# Records from a data collection
#####
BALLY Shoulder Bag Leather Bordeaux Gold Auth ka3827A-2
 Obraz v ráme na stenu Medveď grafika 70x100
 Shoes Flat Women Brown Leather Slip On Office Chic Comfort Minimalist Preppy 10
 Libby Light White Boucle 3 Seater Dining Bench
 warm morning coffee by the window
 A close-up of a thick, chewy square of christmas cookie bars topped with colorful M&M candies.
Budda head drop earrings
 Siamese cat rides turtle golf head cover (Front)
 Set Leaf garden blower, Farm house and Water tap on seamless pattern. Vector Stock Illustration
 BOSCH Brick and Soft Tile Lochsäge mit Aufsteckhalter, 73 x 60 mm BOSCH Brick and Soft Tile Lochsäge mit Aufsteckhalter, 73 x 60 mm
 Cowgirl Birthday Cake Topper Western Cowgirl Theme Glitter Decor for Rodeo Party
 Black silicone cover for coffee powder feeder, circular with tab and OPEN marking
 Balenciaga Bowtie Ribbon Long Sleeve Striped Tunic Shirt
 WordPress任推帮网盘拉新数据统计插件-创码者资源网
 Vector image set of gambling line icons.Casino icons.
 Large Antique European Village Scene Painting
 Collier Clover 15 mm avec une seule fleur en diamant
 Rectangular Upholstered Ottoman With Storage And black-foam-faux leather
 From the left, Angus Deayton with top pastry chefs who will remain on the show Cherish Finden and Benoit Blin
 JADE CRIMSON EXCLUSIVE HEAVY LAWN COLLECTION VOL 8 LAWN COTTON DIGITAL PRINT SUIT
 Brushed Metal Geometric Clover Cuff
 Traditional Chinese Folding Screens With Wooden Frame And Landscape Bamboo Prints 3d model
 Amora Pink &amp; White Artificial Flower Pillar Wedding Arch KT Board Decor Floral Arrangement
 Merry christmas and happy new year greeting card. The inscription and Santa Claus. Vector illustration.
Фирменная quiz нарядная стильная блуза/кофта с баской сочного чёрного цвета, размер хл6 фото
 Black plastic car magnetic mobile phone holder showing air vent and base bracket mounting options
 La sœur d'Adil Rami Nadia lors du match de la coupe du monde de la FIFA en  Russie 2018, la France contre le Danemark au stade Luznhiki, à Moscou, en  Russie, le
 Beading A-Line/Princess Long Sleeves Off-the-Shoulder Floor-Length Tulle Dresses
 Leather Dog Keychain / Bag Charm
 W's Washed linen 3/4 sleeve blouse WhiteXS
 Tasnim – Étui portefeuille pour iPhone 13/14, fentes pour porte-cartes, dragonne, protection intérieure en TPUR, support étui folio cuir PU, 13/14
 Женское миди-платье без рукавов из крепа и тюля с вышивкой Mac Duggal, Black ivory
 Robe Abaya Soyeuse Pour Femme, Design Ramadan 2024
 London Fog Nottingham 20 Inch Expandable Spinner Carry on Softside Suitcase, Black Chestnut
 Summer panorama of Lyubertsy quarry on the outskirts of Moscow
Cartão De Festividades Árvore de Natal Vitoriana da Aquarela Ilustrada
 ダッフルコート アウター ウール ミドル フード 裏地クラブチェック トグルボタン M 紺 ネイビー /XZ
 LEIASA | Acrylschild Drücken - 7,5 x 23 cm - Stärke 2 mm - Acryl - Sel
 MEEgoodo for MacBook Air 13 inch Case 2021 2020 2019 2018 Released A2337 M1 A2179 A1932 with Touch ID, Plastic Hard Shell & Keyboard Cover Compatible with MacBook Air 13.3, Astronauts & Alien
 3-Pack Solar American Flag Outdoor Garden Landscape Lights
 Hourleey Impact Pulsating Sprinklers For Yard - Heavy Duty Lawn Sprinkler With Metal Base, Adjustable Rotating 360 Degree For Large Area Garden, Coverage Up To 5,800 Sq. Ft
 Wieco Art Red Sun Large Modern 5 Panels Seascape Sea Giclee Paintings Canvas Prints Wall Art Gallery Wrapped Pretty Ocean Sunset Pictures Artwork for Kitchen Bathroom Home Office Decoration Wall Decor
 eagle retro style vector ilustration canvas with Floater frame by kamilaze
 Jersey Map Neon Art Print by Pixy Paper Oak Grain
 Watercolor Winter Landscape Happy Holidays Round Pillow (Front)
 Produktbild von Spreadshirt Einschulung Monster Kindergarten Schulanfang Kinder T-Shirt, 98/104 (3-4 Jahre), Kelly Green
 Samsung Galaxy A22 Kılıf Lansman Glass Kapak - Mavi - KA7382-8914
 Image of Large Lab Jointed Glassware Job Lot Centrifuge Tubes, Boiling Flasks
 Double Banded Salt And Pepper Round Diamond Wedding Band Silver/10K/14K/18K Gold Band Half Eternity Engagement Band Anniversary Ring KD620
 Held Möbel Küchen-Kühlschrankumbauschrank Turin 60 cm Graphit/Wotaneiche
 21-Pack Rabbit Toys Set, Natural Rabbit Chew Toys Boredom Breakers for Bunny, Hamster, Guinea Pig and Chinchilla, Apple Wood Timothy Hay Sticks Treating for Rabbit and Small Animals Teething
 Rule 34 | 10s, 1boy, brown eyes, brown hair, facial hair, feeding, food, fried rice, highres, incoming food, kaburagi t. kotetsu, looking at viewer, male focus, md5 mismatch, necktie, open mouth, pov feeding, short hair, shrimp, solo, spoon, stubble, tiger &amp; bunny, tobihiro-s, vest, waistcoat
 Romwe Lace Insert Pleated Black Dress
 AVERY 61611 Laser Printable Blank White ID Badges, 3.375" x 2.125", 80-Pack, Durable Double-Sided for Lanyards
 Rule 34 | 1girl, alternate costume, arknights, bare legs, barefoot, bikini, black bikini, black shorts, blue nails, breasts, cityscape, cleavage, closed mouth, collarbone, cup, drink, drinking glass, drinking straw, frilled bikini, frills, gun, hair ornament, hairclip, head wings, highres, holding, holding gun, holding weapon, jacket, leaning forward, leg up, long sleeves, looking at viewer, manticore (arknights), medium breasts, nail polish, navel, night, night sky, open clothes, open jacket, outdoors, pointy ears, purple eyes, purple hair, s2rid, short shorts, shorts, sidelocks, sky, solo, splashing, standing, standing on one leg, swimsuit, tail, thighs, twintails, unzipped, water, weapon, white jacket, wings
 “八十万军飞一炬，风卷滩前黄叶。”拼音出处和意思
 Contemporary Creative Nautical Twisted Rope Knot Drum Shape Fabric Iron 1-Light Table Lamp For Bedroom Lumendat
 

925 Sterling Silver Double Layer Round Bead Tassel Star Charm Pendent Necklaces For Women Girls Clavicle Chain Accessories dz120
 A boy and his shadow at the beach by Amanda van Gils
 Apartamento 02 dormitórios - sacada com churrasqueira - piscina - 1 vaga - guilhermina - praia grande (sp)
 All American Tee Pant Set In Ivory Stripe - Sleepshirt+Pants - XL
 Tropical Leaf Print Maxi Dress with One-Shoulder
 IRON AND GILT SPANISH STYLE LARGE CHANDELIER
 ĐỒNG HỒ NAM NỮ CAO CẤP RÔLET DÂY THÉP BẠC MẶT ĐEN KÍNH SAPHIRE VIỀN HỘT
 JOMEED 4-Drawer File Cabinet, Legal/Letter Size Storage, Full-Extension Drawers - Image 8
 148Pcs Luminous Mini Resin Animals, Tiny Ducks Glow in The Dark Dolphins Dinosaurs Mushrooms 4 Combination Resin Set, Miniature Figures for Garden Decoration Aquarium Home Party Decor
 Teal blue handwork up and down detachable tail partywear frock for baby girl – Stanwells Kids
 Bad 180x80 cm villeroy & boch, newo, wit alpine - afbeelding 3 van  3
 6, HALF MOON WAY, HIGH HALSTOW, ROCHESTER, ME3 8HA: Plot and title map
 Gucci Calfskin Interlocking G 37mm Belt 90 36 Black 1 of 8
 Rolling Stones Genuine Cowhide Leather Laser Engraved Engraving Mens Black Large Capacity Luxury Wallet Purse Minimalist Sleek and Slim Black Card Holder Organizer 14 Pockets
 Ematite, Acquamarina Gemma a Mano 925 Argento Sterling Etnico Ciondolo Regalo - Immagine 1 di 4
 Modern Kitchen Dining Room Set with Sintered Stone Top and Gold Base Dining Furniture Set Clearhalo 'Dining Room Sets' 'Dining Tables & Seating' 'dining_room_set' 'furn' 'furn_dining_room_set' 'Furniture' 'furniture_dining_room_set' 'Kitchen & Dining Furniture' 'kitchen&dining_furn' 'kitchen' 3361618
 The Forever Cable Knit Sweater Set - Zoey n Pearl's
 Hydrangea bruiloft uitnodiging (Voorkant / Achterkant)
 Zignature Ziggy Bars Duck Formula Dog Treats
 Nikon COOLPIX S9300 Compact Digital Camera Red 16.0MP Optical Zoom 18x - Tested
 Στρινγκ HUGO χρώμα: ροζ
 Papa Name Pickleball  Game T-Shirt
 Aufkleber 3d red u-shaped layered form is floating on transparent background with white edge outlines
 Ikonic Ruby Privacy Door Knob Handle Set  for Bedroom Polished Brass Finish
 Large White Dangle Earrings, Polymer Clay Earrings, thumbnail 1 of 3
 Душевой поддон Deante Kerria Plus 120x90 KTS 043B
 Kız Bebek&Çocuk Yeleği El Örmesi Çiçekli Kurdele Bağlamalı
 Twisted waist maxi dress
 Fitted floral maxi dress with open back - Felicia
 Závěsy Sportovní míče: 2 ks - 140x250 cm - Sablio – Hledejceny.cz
#####
# Work to complete
Above are the records; repeat exactly the lines from the one holding "Shoes Flat Women" down to the one holding "Budda head drop earrings", end lines included.

# Reply
 Shoes Flat Women Brown Leather Slip On Office Chic Comfort Minimalist Preppy 10
 Libby Light White Boucle 3 Seater Dining Bench
 warm morning coffee by the window
 A close-up of a thick, chewy square of christmas cookie bars topped with colorful M&M candies.
Budda head drop earrings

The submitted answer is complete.